### Task to complete
No pictures belong in the answer. Repeat all the entries exactly.
[[ Task data open ]]
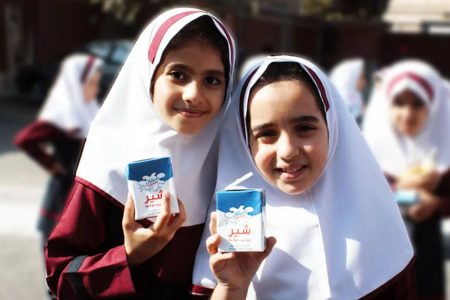 طرح توزیع شیر رایگان در مدارس آذربایجان‌غربی کلید خورد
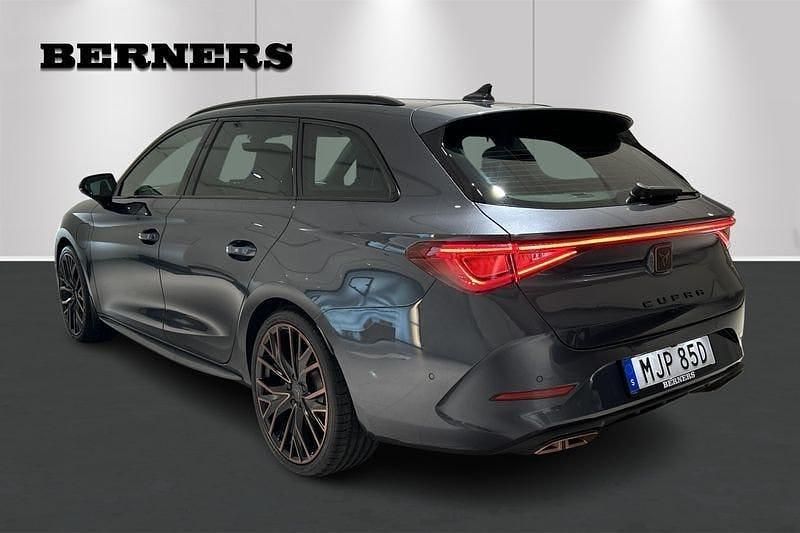 Begagnad Cupra Leon 245 HK (180 kW) 2024 Grå Kombi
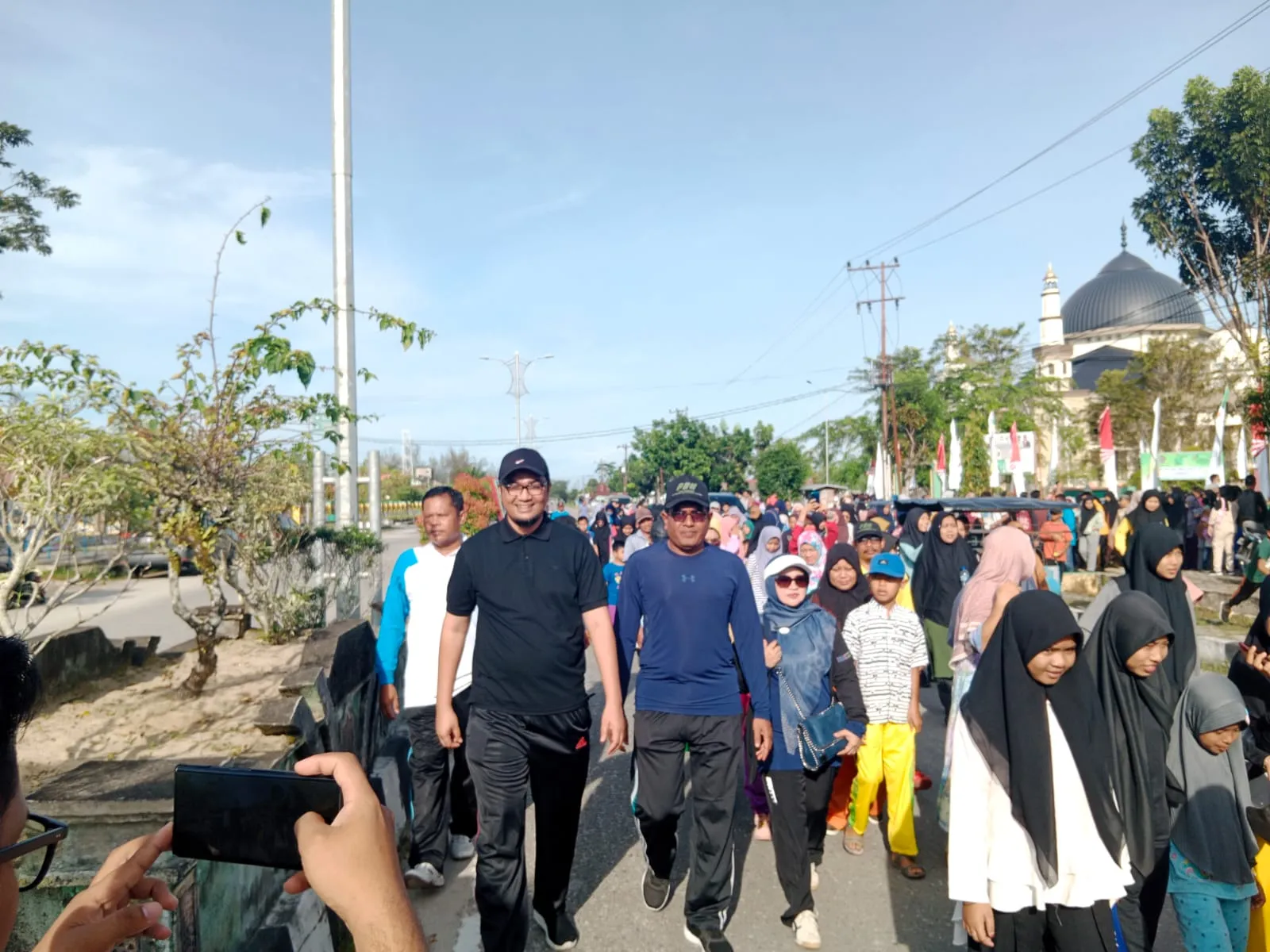 Ribuan Masyarakat Ikut Jalan Santai HAB Kemenag Aceh Singkil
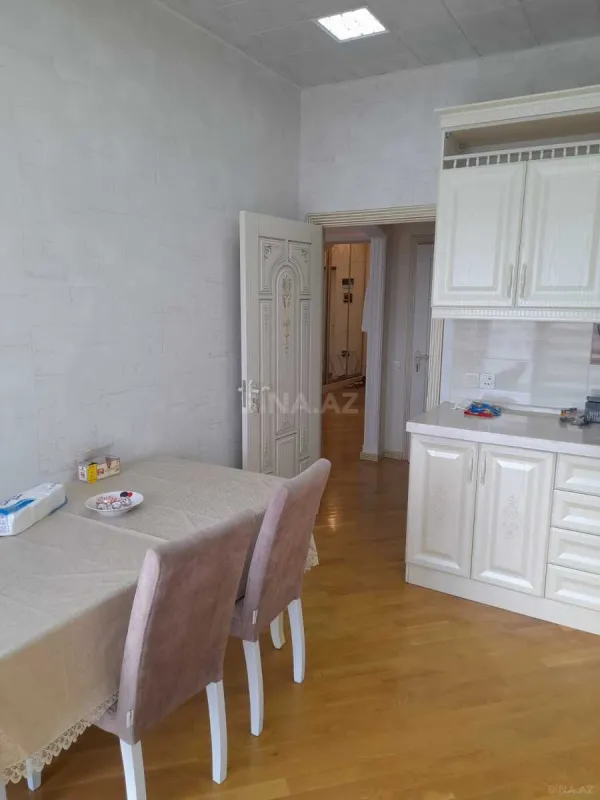 Kirayə verilir 3 otaqlı mənzil 110 m²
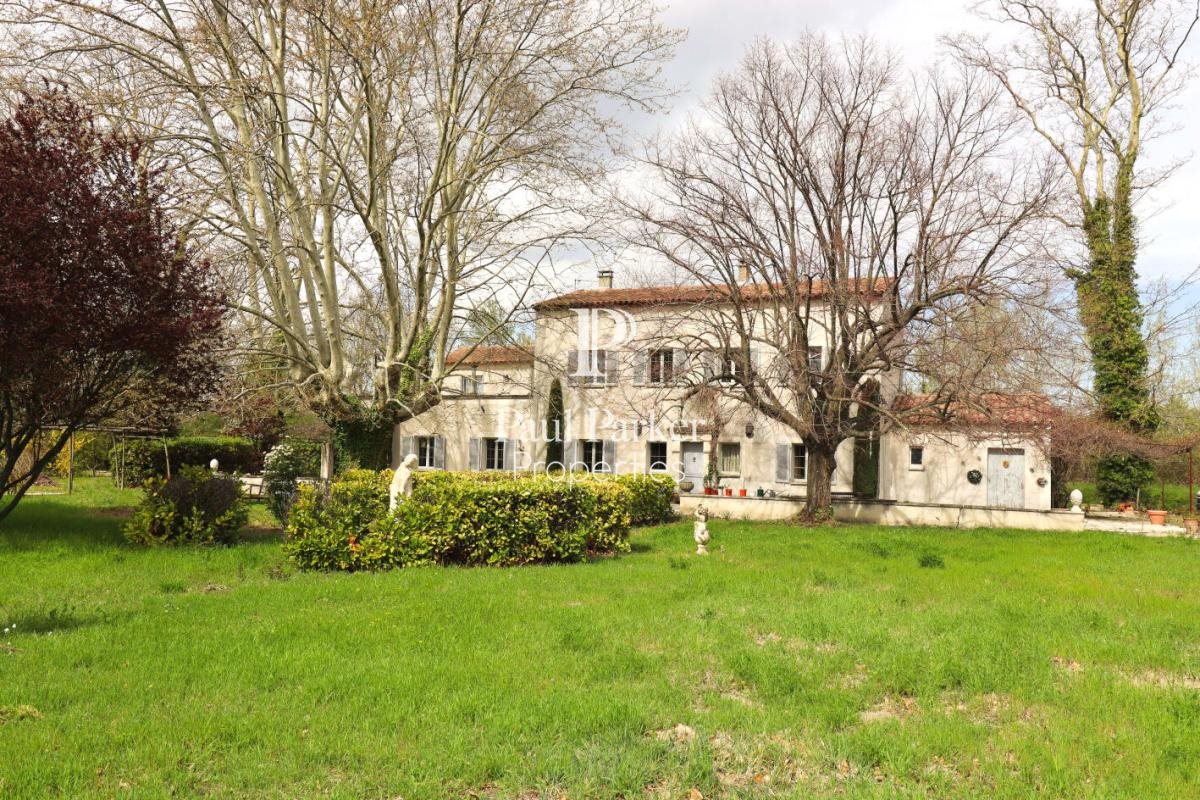 Maison à vendre, 248m², Caumont-sur-Durance
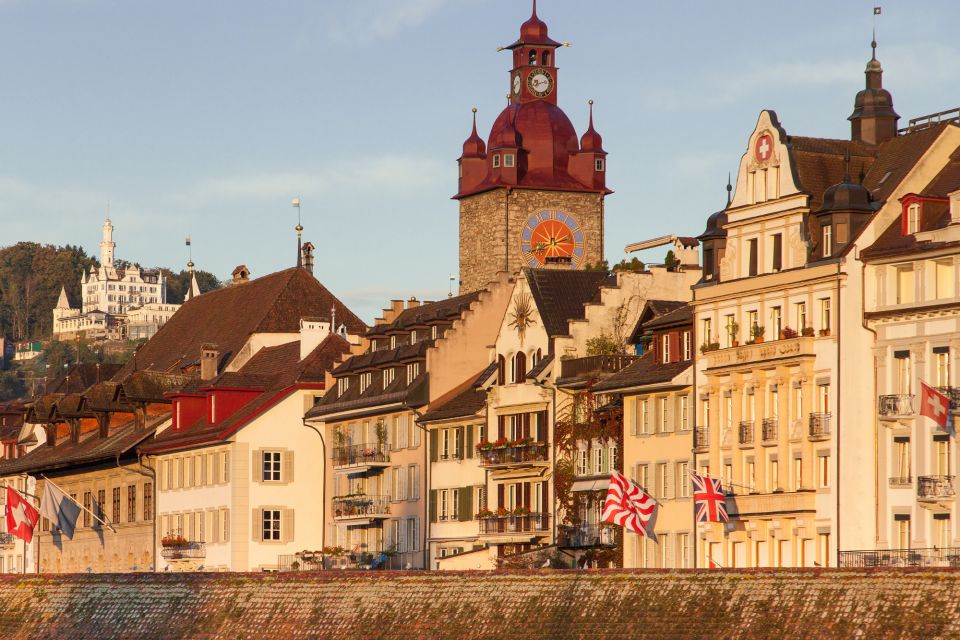 Lucerne: First Discovery Walk and Reading Walking Tour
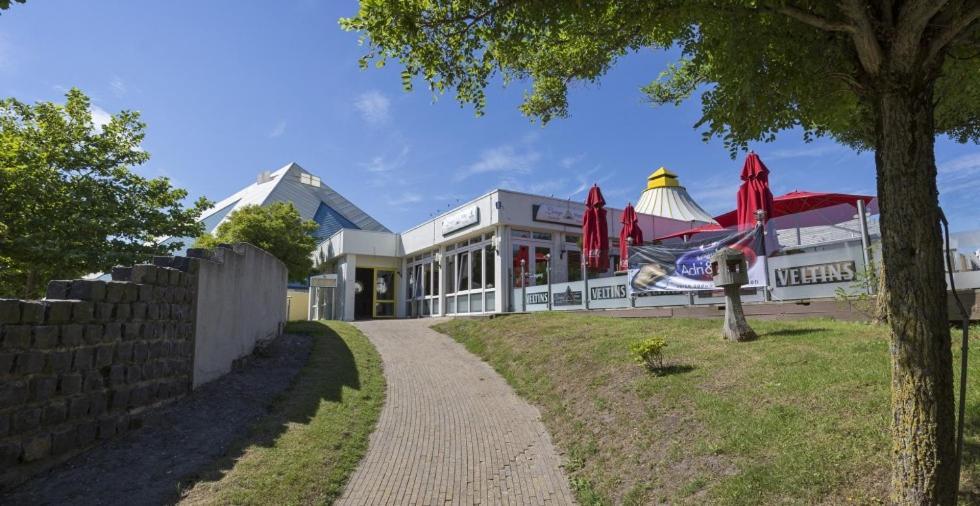 Chalet Makkum C99B Met Prive Gelegen Tuin Aan Het Water Exterior foto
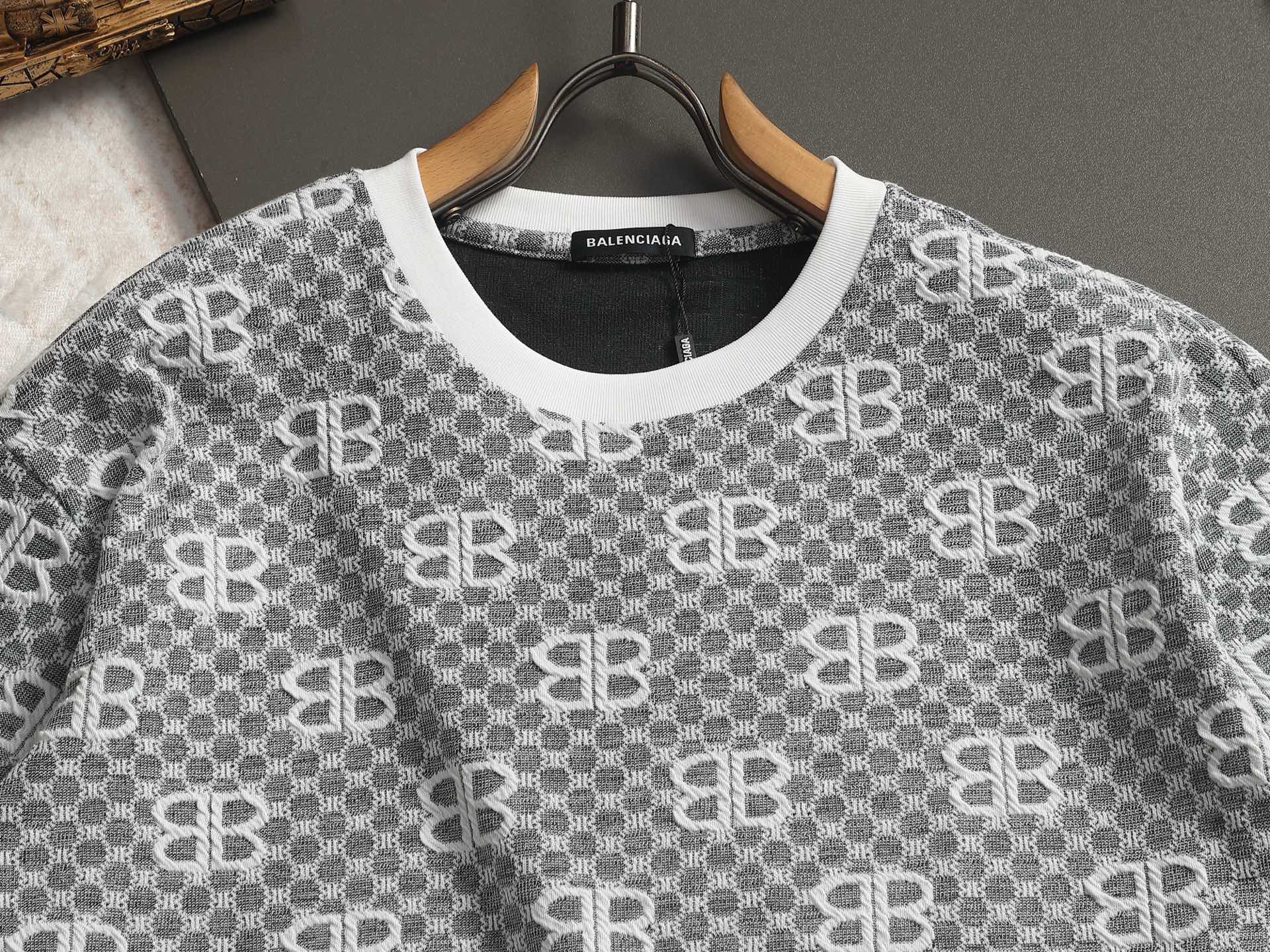 Balenciaga BALENCIAGA 巴黎世家 字母提花毛巾T恤 针织提花短袖 定制面料采用威化布织法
[[ Task data closed ]]
### Answer area
 طرح توزیع شیر رایگان در مدارس آذربایجان‌غربی کلید خورد
 Begagnad Cupra Leon 245 HK (180 kW) 2024 Grå Kombi
 Ribuan Masyarakat Ikut Jalan Santai HAB Kemenag Aceh Singkil
 Kirayə verilir 3 otaqlı mənzil 110 m²
 Maison à vendre, 248m², Caumont-sur-Durance
 Lucerne: First Discovery Walk and Reading Walking Tour
 Chalet Makkum C99B Met Prive Gelegen Tuin Aan Het Water Exterior foto
 Balenciaga BALENCIAGA 巴黎世家 字母提花毛巾T恤 针织提花短袖 定制面料采用威化布织法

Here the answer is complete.